# DGT 6000 Motion Drive Belt problem



## jrblaylock (Oct 31, 2014)

Hey folks! I have a DGT 6000 917.275285 with about 440 hours on it that I use to mow about 3 acres in the summer and throw snow in the winter.

Recently, it totally died on me while mowing. I found that the motion drive belt (possibly the original) was shredding and had worn the coatings off the electric clutch wires. They finally touched, blew the fuse, and killed the PTO switch. 

I fixed the wires, replaced the fuse and switch. The manual says the belt is 1/2 x 82.5 inch. I originally tried a 1/2 x 82" non-OEM belt. The belt was tight to get on but it all ran. However, after a few minutes I could tell the belt was getting really hot. I took it off and put on a non-OEM 1/2 x 83" belt and it seemed much better.

However, after three sessions of mowing about two hours each, the tractor started slowing down and eventually wouldn't move forward or backward while running. New belt is shredding again.

Could the 0.5" length difference cause this? I can order the OEM belt and I don't mind spending the extra $$ if that's really what's needed.
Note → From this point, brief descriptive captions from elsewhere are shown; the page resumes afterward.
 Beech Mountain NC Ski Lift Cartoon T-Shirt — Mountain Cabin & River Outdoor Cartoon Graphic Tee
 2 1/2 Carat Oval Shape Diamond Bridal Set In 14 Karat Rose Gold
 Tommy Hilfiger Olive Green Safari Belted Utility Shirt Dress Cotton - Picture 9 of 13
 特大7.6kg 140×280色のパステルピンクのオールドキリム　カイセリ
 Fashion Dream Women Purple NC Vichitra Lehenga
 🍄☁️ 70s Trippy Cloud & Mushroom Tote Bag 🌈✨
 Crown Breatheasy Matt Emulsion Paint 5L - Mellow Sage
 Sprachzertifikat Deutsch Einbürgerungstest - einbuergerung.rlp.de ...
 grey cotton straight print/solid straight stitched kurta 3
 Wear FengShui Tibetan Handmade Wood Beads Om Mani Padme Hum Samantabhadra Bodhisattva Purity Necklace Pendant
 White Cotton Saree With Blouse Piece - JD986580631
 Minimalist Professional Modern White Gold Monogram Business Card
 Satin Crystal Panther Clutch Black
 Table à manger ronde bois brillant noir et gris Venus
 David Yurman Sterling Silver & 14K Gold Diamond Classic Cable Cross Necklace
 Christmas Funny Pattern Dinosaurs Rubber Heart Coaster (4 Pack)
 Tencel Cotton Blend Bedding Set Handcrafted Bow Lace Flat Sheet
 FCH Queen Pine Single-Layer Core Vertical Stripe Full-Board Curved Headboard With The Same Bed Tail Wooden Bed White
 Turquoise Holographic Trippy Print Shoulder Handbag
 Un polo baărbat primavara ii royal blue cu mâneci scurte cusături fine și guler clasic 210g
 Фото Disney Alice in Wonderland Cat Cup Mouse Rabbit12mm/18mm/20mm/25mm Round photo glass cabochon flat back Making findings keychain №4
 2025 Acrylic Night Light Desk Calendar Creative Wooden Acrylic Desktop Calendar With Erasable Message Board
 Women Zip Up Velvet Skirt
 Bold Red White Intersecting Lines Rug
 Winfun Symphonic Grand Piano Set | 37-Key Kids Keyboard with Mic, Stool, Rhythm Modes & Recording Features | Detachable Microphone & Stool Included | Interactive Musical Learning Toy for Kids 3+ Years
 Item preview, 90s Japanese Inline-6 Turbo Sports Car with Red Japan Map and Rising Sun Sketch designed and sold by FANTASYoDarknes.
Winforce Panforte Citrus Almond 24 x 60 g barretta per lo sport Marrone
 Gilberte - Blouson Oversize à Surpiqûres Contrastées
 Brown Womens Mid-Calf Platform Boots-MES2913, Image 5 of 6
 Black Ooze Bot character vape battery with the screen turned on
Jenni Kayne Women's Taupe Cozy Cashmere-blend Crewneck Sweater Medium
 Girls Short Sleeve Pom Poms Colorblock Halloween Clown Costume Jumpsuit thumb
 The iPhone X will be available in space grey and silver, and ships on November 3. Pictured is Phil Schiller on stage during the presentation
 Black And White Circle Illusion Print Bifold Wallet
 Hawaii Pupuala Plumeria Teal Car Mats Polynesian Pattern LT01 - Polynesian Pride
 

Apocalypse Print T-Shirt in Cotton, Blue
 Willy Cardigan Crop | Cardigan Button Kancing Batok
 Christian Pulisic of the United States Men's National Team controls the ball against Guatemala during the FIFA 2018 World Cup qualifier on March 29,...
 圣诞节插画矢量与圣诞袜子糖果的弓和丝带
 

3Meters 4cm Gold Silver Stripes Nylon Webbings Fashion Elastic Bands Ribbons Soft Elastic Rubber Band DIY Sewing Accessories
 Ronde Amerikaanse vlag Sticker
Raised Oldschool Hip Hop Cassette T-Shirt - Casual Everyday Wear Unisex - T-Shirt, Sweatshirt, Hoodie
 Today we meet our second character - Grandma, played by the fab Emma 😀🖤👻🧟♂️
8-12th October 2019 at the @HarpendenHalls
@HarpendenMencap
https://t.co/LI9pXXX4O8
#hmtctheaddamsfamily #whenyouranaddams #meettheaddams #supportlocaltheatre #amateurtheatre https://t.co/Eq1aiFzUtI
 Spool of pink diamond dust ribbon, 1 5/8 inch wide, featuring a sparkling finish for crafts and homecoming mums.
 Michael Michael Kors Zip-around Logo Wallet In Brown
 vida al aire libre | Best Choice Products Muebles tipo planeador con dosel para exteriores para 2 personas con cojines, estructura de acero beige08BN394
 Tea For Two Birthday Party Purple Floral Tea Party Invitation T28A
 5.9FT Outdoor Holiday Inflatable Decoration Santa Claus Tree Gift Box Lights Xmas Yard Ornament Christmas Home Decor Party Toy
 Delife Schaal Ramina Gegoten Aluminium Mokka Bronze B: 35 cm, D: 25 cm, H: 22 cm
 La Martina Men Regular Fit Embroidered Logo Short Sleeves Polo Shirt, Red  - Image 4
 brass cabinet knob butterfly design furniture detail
But, anything else I should check that could be causing this so I don't shred that new, expensive OEM belt?

I had originally thought it was just an old belt that needed replaced but now I'm wondering if there's something else wrong that caused this all to begin with.

Thanks for taking the time to read all of this and I'm looking forward to getting your advice.

Joe


----------



## jrblaylock (Oct 31, 2014)

Nobody really has any ideas on this one?


----------



## wjjones (May 28, 2010)

Yep it most likely streched the 82" belt it needs to be the oe size I went down the same rd with this one.


----------



## jrblaylock (Oct 31, 2014)

Did you try a 83" belt or just get the oem after trying the 82"?


----------